On a week that has seen light trading, there has nonetheless been a change in outlook. In the last two weeks, I have seen money moving AROUND and INTO the stock market, rather than money moving OUT of the stock market.
Specifically, many now believe that a bottom is in for financials, retail, and some big-cap energy stocks, and that techs have a reasonable run at a rally.

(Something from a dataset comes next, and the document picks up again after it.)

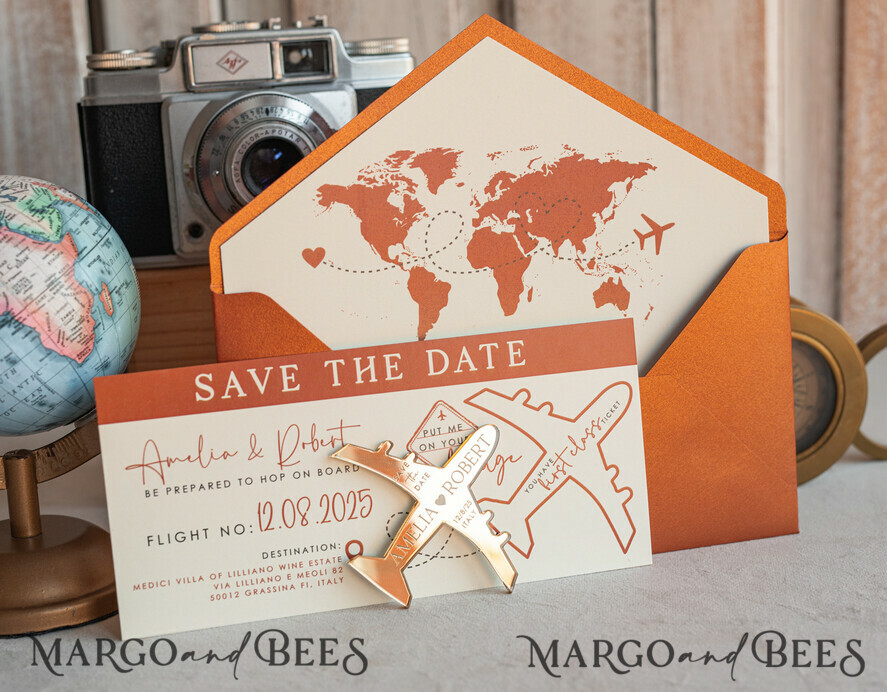 SAVE THE DATES beach travel magnets Terracotta golden airplane magnet Save The Date Cards boardingpass travel airplane save the dates destination wedding magnets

Why do some traders feel this way? For months, traders have adopted extremely short-term technical trading methodologies to deal with a market that could turn in either direction on a dime. But this week bulls argued that it may now be possible to envision a longer-term play:
--with the commodity markets clearly in decline, the inflation cycle has peaked;
--the news from the U.K., the Eurozone and Hong Kong indicate that a global slowdown is now underway, and that many countries would be lowering interest rates soon;
--that the United States was much further along in the economic cycle than the rest of the world;
--that this argued for strength in the dollar, which would help the balance of payments.
The implications:
--the U.S. stock market will be the preferred market in the coming months
--small caps will outperform large caps on the dollar strength
--play U.S. tech stocks on seasonal strength
Of course, bears put out that the global slowdown and the dollar's strength will create headwinds for big-cap U.S. multinationals. This is undoubtedly true, but for the moment the bulls are ignoring this fact, just as they ignored that their “de-coupling” theory was all wrong.